High-dollar fee-for-service hospital bills and bills with outliers equal just 1 to 2 percent of typical inpatient claims yet often represent 5 to 12 percent of inpatient costs. Billing advocates and other health professionals also estimate that up to 80 percent of these bills contain errors. Whether providers are intentionally upcoding or simply coding improperly, these errors can add up to millions of dollars in waste or abuse. Verscend’s Inpatient Accuracy solution blends claim editing, clinical validation, and complex claim review to ensure accurate payment. We bring the best of both advanced analytics and human expertise to the process, efficiently reconstructing the course of care and expertly reviewing clinical codes to close the loop on fraud, waste, and abuse.
Our first line of defense against improper inpatient billing is pre-pay editing of claims to look for duplicates. Discovery of a duplicate could trigger recommendation for denial of either a portion of a claim or the entire claim. Each day, our clinical coding experts return validated errors to the health plan for final decisions.
Verscend's second level of scrutiny is pre- or post-pay complex claim review. High-dollar inpatient claims are identified systematically based on client determined dollar value thresholds or other criteria such as revenue code, group, facility, and plan. A Verscend facility claim analyst reviews each date on the claim by revenue code while following any state- or contract-specific guidelines to validate the bill.
Verscend's inpatient clinical experts then perform a detailed line-by-line analysis of all associated charges. Clinicians identify inappropriate charges and validate the level of care billed versus authorized. They research each line they identify as invalid and enter a reason explaining why it’s invalid.
Verscend saved one client $3.9 million on total identified charges of $21.3 million (18.3 percent) in 2015, and another $2.2 million on $13.6 million in total charges (16.3 percent) in 2016.*
*Based on actual client results. Individual results will vary by client.
Verscend's payment recommendations are sourced from nationally recognized coding standards (e.g., CMS, AMA, FDA, CPT, AAPC) to ensure that denials and reductions are defensible. In cases where providers appeal these decisions, Verscend's clinical experts process the appeals on behalf of clients, providing additional rationale to support our coding and payment recommendations.

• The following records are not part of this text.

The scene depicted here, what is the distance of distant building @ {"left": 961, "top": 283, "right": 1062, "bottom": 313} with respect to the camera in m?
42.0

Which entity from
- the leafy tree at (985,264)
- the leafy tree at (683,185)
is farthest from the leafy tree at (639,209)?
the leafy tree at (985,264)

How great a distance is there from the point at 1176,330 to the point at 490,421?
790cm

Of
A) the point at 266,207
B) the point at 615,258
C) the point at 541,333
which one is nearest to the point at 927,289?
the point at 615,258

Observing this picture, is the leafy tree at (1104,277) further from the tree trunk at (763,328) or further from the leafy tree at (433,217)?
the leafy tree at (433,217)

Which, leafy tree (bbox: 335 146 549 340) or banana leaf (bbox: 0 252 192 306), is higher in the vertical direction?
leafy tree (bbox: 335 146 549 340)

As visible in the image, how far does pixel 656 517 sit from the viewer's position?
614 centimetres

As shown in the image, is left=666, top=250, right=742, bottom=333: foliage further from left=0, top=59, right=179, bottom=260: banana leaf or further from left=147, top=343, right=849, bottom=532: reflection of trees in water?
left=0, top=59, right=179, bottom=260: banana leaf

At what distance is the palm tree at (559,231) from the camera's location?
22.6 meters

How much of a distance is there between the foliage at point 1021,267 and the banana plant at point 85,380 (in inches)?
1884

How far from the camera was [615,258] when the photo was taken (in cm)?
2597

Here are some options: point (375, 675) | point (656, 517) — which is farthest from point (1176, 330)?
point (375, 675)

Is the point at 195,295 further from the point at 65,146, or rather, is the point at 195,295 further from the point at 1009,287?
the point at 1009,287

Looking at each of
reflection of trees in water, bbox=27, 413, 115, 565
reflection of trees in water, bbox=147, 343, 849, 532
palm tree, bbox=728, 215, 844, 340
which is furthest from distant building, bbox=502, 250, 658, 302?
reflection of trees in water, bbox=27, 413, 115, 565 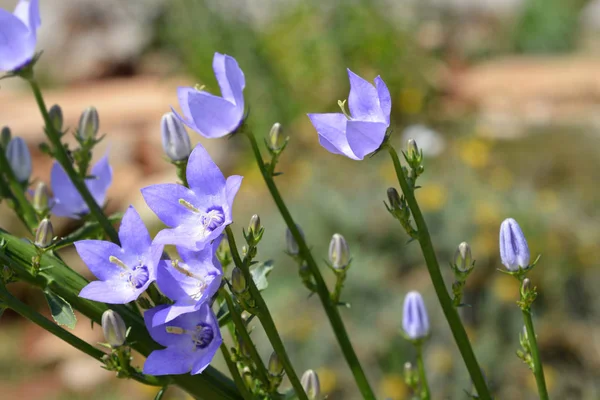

Our Inpatient Accuracy solution is not a black box. We employ a personal touch to guide you through results, ensuring that you are trained, knowledgeable, and empowered to maximize value. The solution comes with dedicated post-launch support that includes in-depth standard and ad hoc operational reporting, as well as consultative review of claims data to determine return on investment and recommend best practices.
Our experts partner with you to configure business rules to maximize cost savings and conform to your reimbursement policies.
Inpatient Accuracy is part of Verscend's suite of end-to-end Payment Accuracy solutions. Because the solutions all share one data feed across integrated platforms, clients can take a prioritized, incremental approach to rolling out our full suite of offerings. In other words, once you have one component up and running, others can easily be turned on without an additional implementation process. This approach allows you to launch new capabilities faster while saving you money.
Rather than standard software license fees, our Inpatient Accuracy solution is priced as a contingency contract. This approach aligns incentives between Verscend and our clients.